Short descriptive text snippets
☆ ☆ ☆ ☆ ☆ ☆ ☆
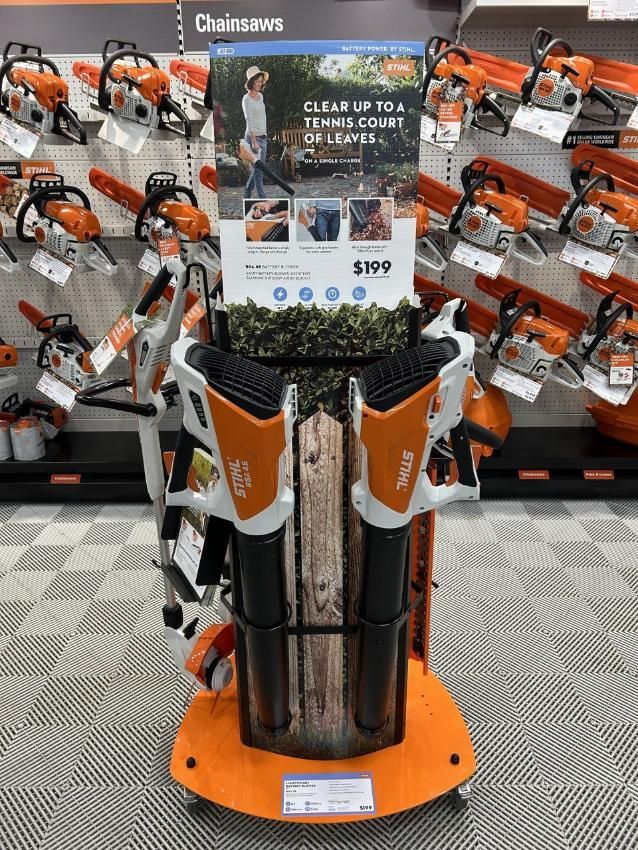 A Display of Stihl Tools in a Store — Ireland's Machinery Pty Ltd In Braemar, NSW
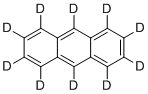 结构式 CAS# 1719-06-8, 十氘代蒽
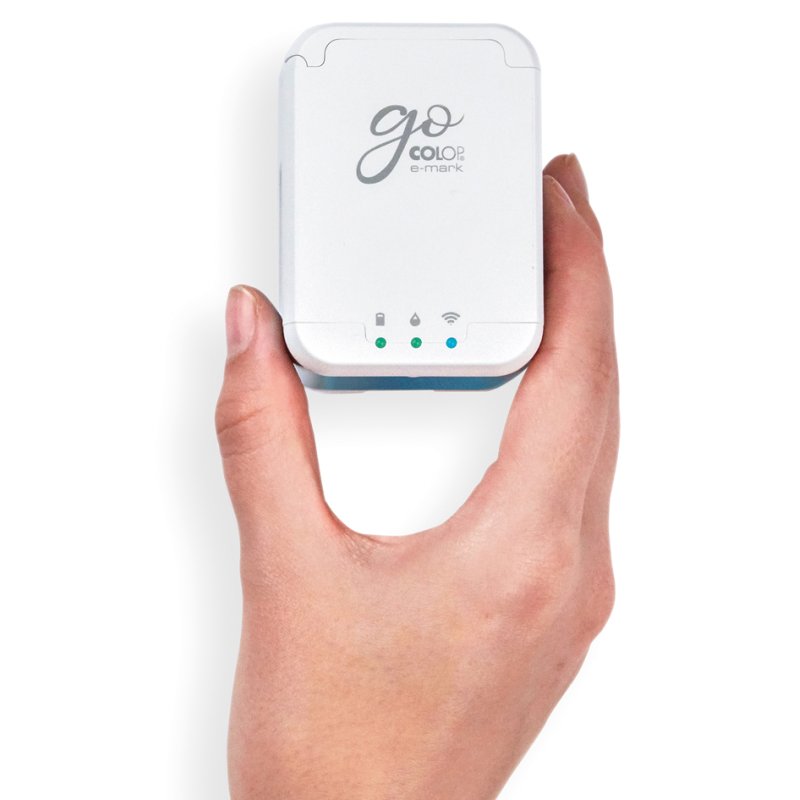 COLOP e-mark go imprimante mobile, blanc, 600 dpi, 14,5 × 150 mm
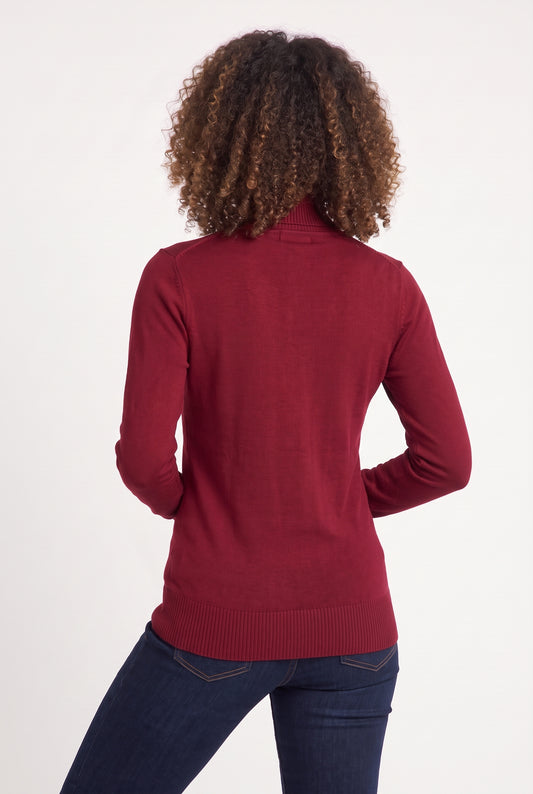 Women's June & Hudson Long-Sleeve Turtleneck Knit Sweater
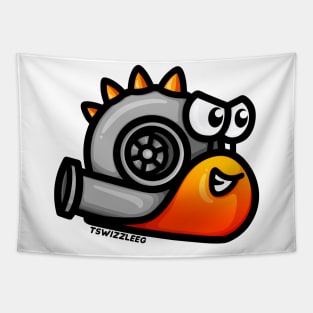 Turbo Snail - Turbosaurus Rex (Red & Orange) Tapestry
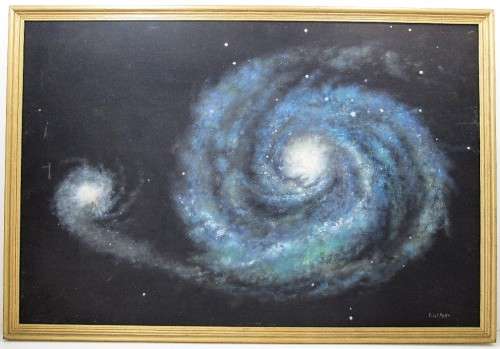 Original Large Framed Falet Mpofu Painting - Size 79cm/53cm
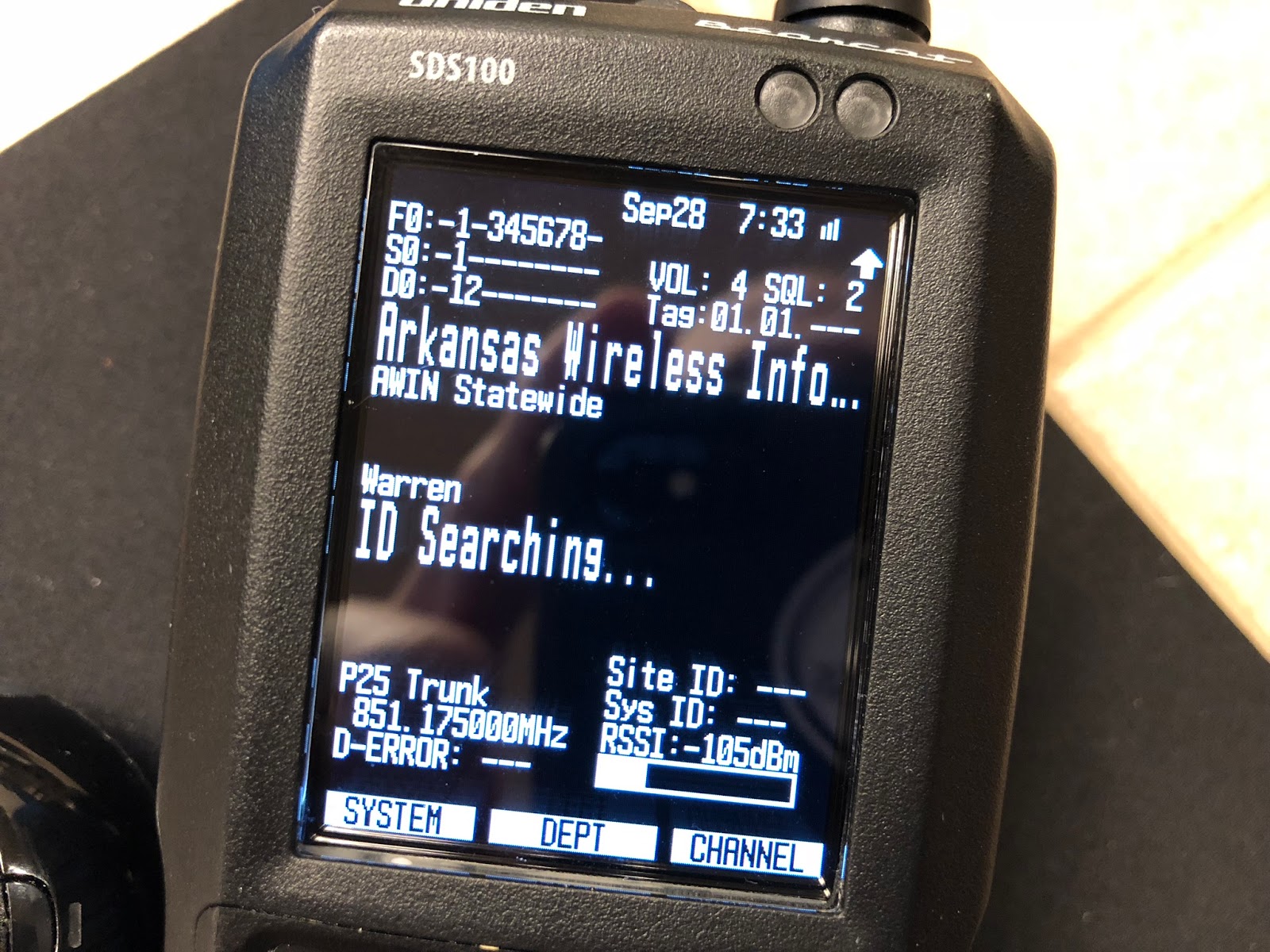 Monitoring Reviews Uniden SDS100 Review and How To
☆ ☆ ☆ ☆ ☆ ☆ ☆
Starting with the first line of the records above and stopping after the line containing "Turbo Snail - Turbosaurus", repeat every line exactly and leave out the pictures.

- _Answer to this problem_
 A Display of Stihl Tools in a Store — Ireland's Machinery Pty Ltd In Braemar, NSW
 结构式 CAS# 1719-06-8, 十氘代蒽
 COLOP e-mark go imprimante mobile, blanc, 600 dpi, 14,5 × 150 mm
 Women's June & Hudson Long-Sleeve Turtleneck Knit Sweater
 Turbo Snail - Turbosaurus Rex (Red & Orange) Tapestry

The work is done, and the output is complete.